坂本花織、常に勝利を期待される経験が財産に「無になって集中」して全日本3連覇 (2ページ目)

  • 折山淑美●取材・文 text by Oriyama Toshimi
  • 能登 直●撮影 photo by Noto Sunao(a presto)

【3連覇直前に不安と緊張で涙】

 それでも、優勢で臨んだ12月24日のフリー直前には心が乱れ、午前中の公式練習では涙を見せていた。

「3連覇という目標を達成したい気持ちと、ちゃんとやらなきゃという気持ちが本当に大きくなりすぎて......。公式練習の時は息がすぐ上がるくらい緊張して、曲かけ(練習)も思うようにいかなかった。

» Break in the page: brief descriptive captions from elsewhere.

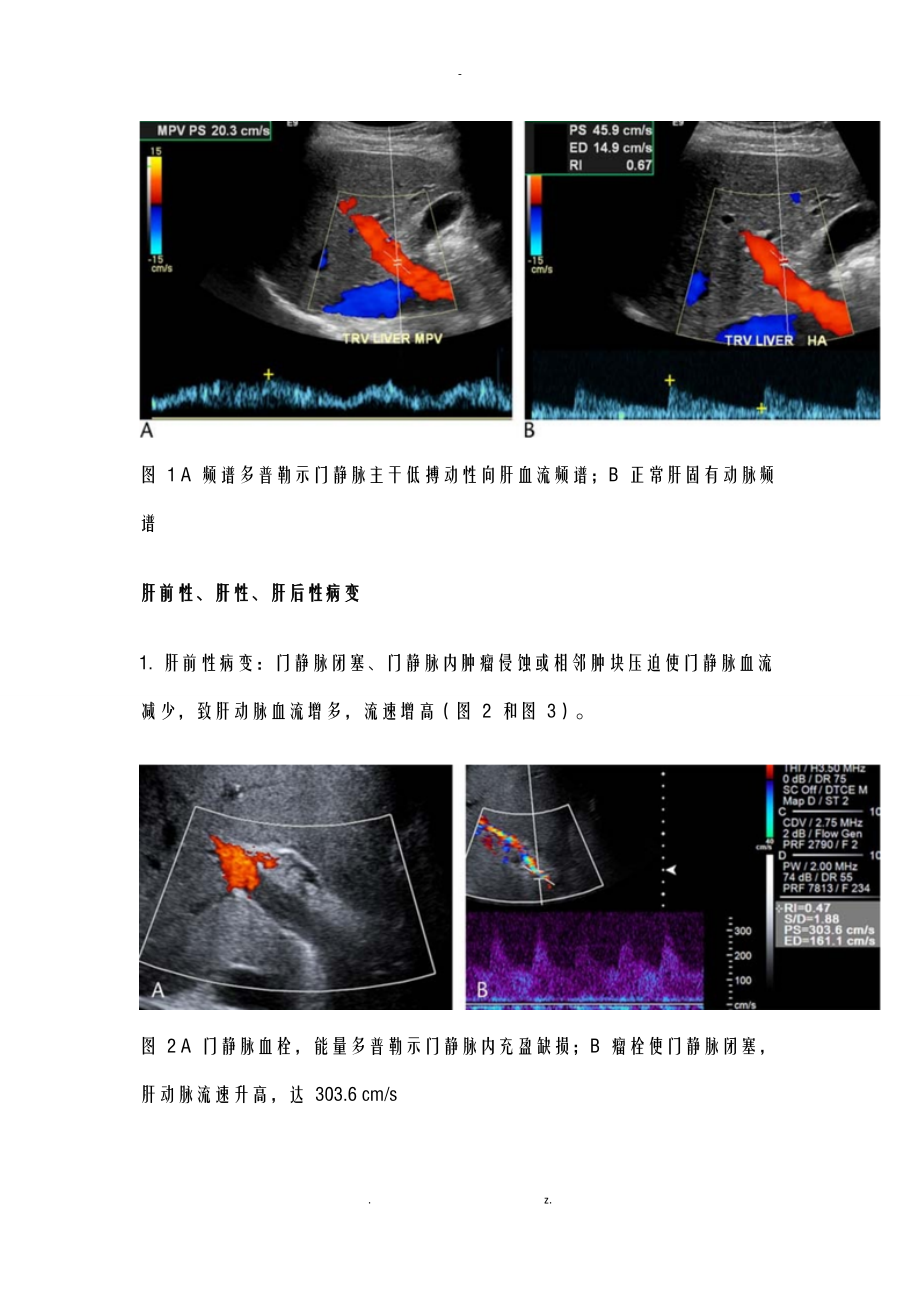 医考掌握肝动脉血流有助于诊断潜在性肝病.docx_第2页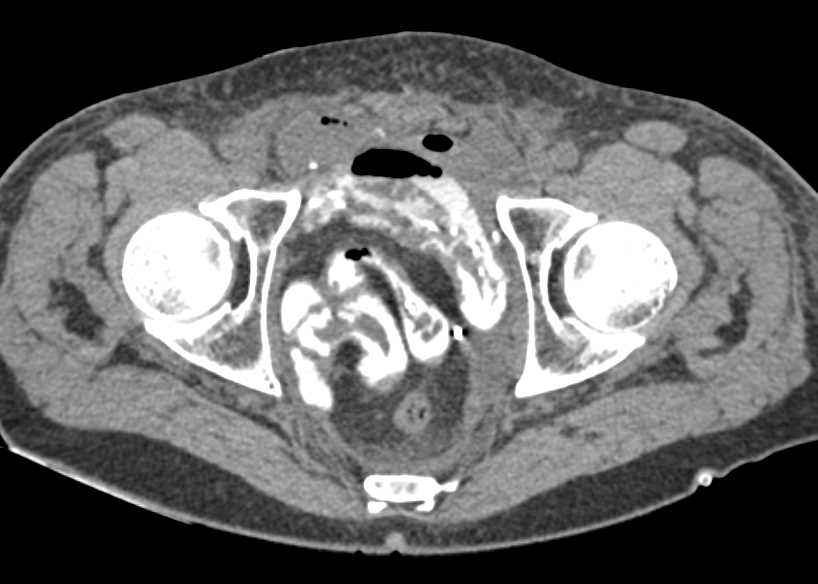 Rectal Contrast Colon without Extravasation - CTisus CT Scan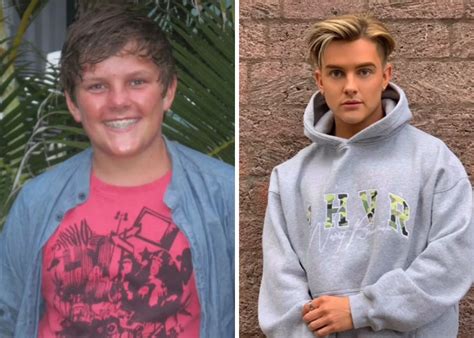 Before And After Puberty Before And After Puberty Glo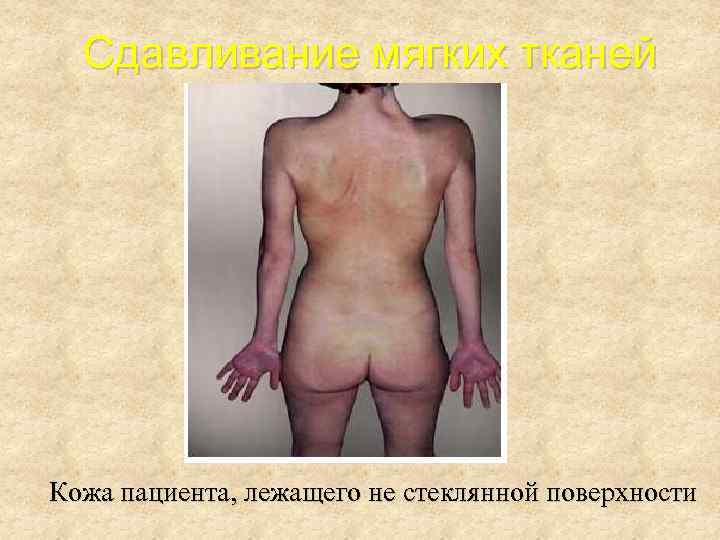 Сдавливание мягких тканей Кожа пациента, лежащего не стеклянной поверхности 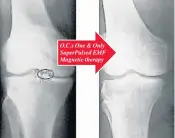  ??  ?? O.C.s One & Only SuperPulse­d EMF Magnetic therapy
Nadira Azeez: 60 Year Old Female. The following x-ray, taken after a series of Pulsed Electro-Magnetic Field Therapies, clearly shows the improved space between the knee joint, which has enabled her to...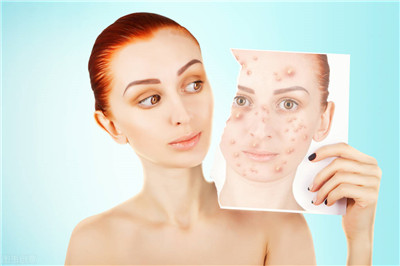 痘痘很严重可以涂什么乳,痘痘严重喝中药有效吗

 ジャンプがうまくハマらなかった時はどうしても投げやりになってしまったり。中野先生にアドバイスをもらえば直るというのはわかってはいるけど、できないというイライラした感情のままで先生のところに行くと、どうしてもバトッ(口論し)てしまうので。自分的には『今言わなくていいのに』という内容の言葉を言われたから、その思いを伝えたらめっちゃ怒られて。いろんな感情が混じりすぎるとすぐ涙腺がゆるくなる。ダメでした」

 SP終了時点で、優勝は目の前にある状況だった。中野コーチは「彼女(坂本)の場合は順位というより、よりいいものをやろうとして自分にプレッシャーをかけてしまう」と説明する。

 それでも、本番では気持ちを切り替えた。ふたり前に滑ったSP3位の千葉百音が、フリーをほぼノーミスの滑りで合計209.27点としていたが、坂本は無心だった。何も考えずに滑り出し、「気がつくと終盤のコレオシークエンスで氷に手をついてスライディングしている状況だった」という。

「無になって集中できたというのか、練習に近い感覚で滑れた。練習の時は別に何も考えず、次はこれ、次はこれって一つひとつ淡々とやっている感じです」

 安定したジャンプで、GOE加点を着々と積み上げていく。中盤と最後のコンビネーションスピンはレベルをとりこぼして基礎点を下げたが、フリーの得点は154.34点と、非公認ながら、シーズンベストの得点。10月のGPシリーズ・スケートカナダの得点を3点以上高めた。合計で2位に23.85点差をつける圧勝劇だった。